Problem statement
Look through the data below and output, unchanged, every line from the one holding "3 Zimmer Wohnung" through the one holding "Building Photo - 3915 Howell Park Rd", inclusive. Skip the pictures.

Records for processing
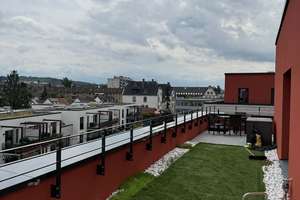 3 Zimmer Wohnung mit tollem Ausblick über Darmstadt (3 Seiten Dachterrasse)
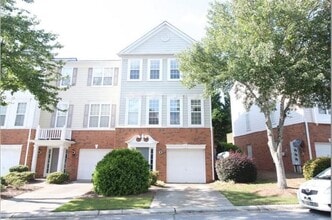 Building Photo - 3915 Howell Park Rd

---

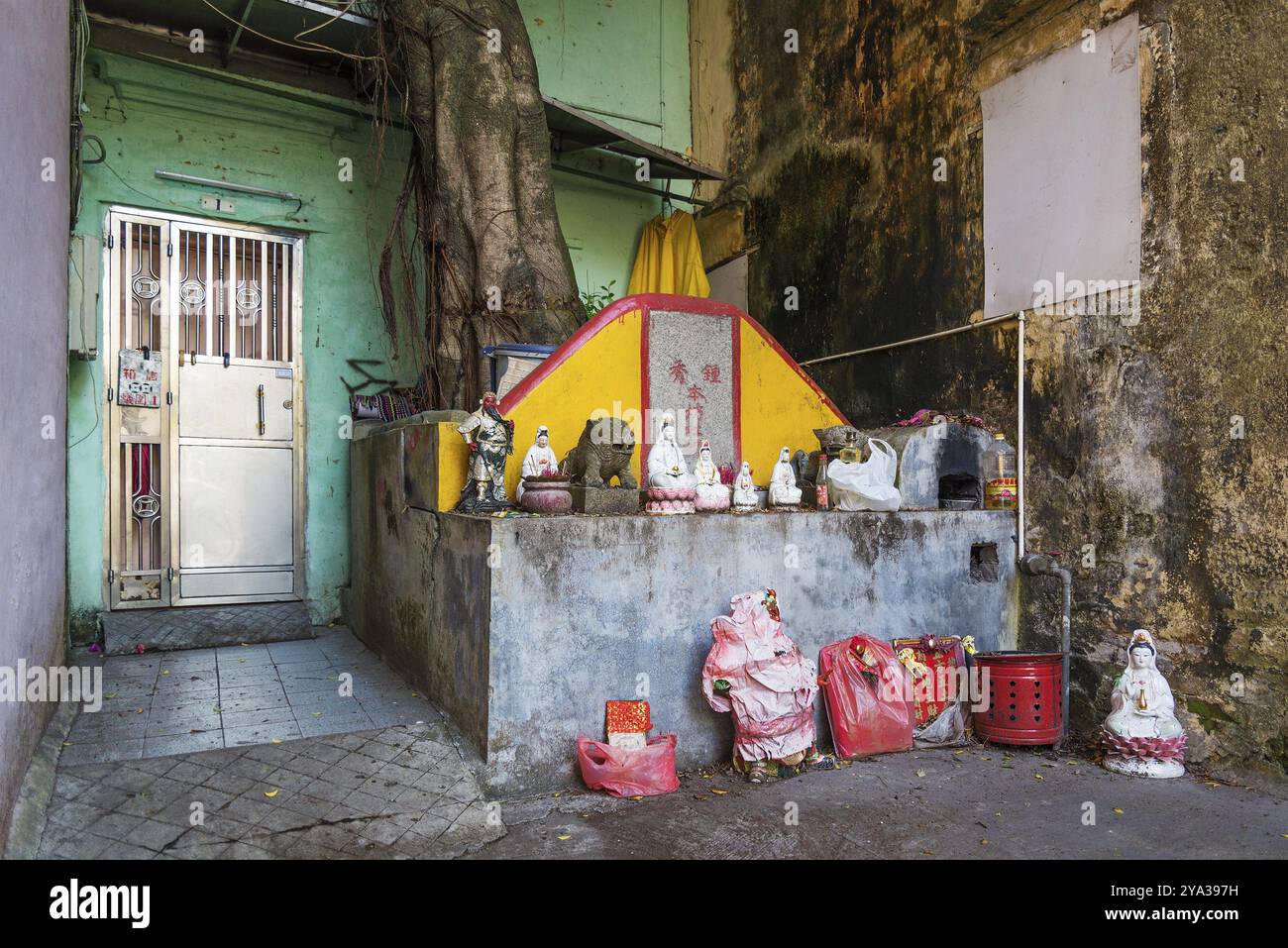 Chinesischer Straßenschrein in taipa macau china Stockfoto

--

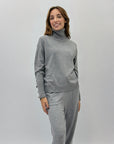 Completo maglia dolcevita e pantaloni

Completed task
 3 Zimmer Wohnung mit tollem Ausblick über Darmstadt (3 Seiten Dachterrasse)
 Building Photo - 3915 Howell Park Rd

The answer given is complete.